Dan at PaperMind is thinking about art and truth. He’s doing it via the work of Dorothy L. Sayers. I remember when I was 12 and at home with Glandular Fever, I read straight through my Mum’s collection of Dorothy L. Sayers detective novels. They were fabulous fun. But Sayers was also a serious scholar.
Some of Dan’s comments reminded me of J.R.R. Tolkien – another writer who not only wrote stories, but wrote about them, too. In fact, I’m pretty sure that in one of Sayer’s novels, she has Tolkien appear at one point (namelessly). In any case, here’s a quotation from Tolkien on art and truth:
Fantasy is a natural human activity. It certainly does not destroy or even insult Reason; it does not either blunt the appetite for, nor obscure the perception of, scientific verity. On the contrary. The keener and clearer is the reason, the better fantasy will it make. If men were ever in a state in which they did not want to know or could not perceive truth (facts or evidence), then Fantasy would languish until they are cured. If they ever get into that state (it would not seem at all impossible), Fantasy will perish, and become Morbid Delusion.
For all you fans of fantasy literature, here is the justification, (as if you needed one!). He goes on:
For creative Fantasy is founded upon the hard recognition that things are so in the world as it appears under the sun; on a recognition of fact, but not a slavery to it.

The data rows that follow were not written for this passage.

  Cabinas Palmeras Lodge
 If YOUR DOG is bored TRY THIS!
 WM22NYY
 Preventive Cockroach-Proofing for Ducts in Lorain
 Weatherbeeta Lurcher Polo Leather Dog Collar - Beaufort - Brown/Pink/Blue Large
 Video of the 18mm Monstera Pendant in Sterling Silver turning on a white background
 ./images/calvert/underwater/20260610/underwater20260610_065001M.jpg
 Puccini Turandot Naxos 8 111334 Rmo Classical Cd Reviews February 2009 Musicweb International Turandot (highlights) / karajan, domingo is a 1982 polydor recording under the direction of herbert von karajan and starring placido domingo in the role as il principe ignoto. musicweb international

So upon logic was founded the nonsense that displays itself in the tales and rhymes of Lewis Carroll. If men really could not distinguish between frogs and men, fairy-stores about frog-kings would not have arisen.
But of course, Tolkien doesn’t want to indiscriminantly defend artistic invention. But the abuse of stories shouldn’t surprise us:
Fantasy can, of course, be carried to excess. It can be ill done. It can be put to evil uses. It may even delude the minds out of which it came. But of what human thing in this fallen world is this not true? Men have conceived not only of elves, but they have imagined gods, and worshipped them, even worshipped those most deformed by their authors’ own evil. But they have made false gods out of other materials: even their sciences and their social and economic theories have demanded human sacrifice. Abusus non tollit usum. Fantasy remains a human right: we make in our measure and in our derivative mode, because we are made: and not only made, but made in the image and likeness of a Maker.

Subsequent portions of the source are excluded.